Listed entries:
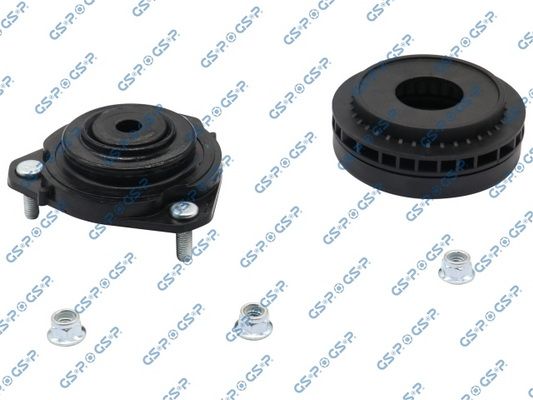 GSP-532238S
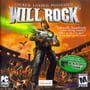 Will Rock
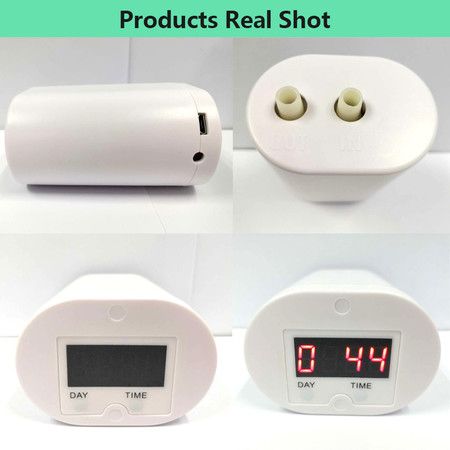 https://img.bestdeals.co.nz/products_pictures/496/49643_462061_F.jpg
--
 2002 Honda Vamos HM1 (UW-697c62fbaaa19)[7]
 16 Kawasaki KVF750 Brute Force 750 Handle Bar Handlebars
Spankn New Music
* * *
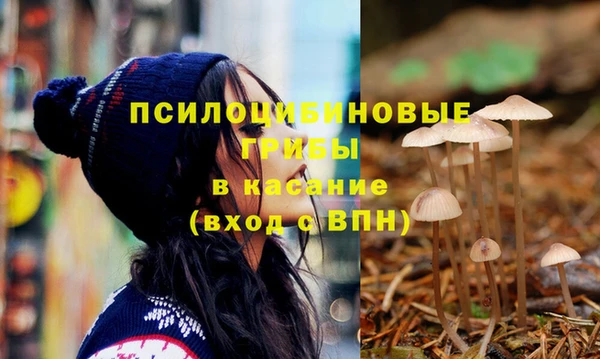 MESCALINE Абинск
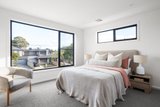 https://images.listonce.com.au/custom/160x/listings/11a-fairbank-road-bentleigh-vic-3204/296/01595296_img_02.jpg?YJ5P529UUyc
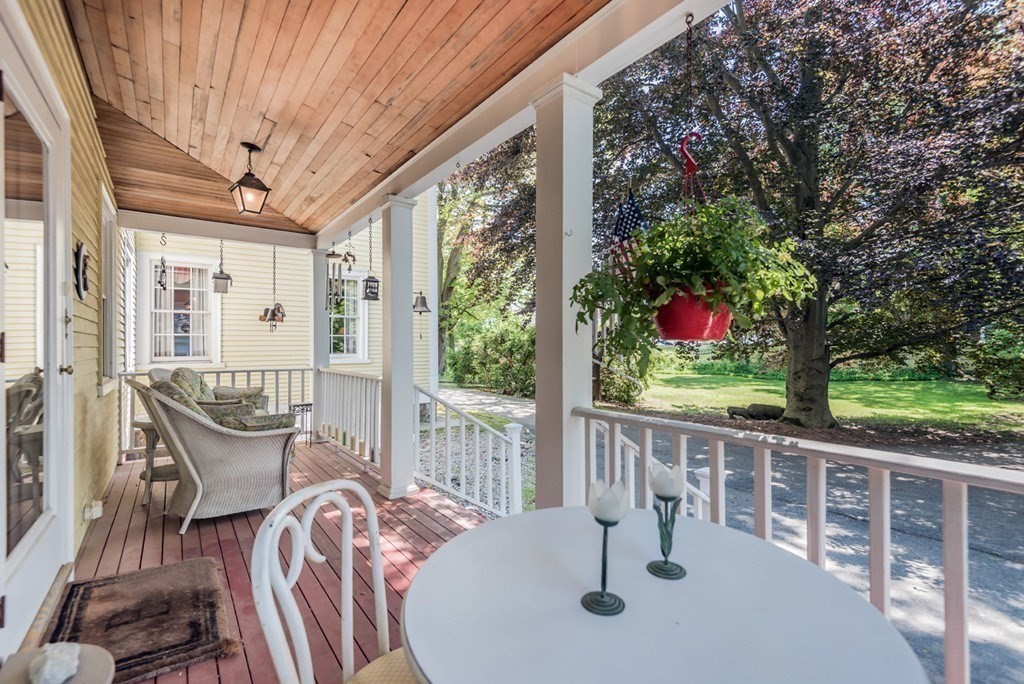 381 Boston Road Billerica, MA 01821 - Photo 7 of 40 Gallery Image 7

Exercise description:
For the lines above, output exactly those from the line containing "2002 Honda Vamos HM1 (UW-697c62fbaaa19)[7]" through the line containing "Spankn New Music", and skip the others.

Task solution:
 2002 Honda Vamos HM1 (UW-697c62fbaaa19)[7]
 16 Kawasaki KVF750 Brute Force 750 Handle Bar Handlebars
Spankn New Music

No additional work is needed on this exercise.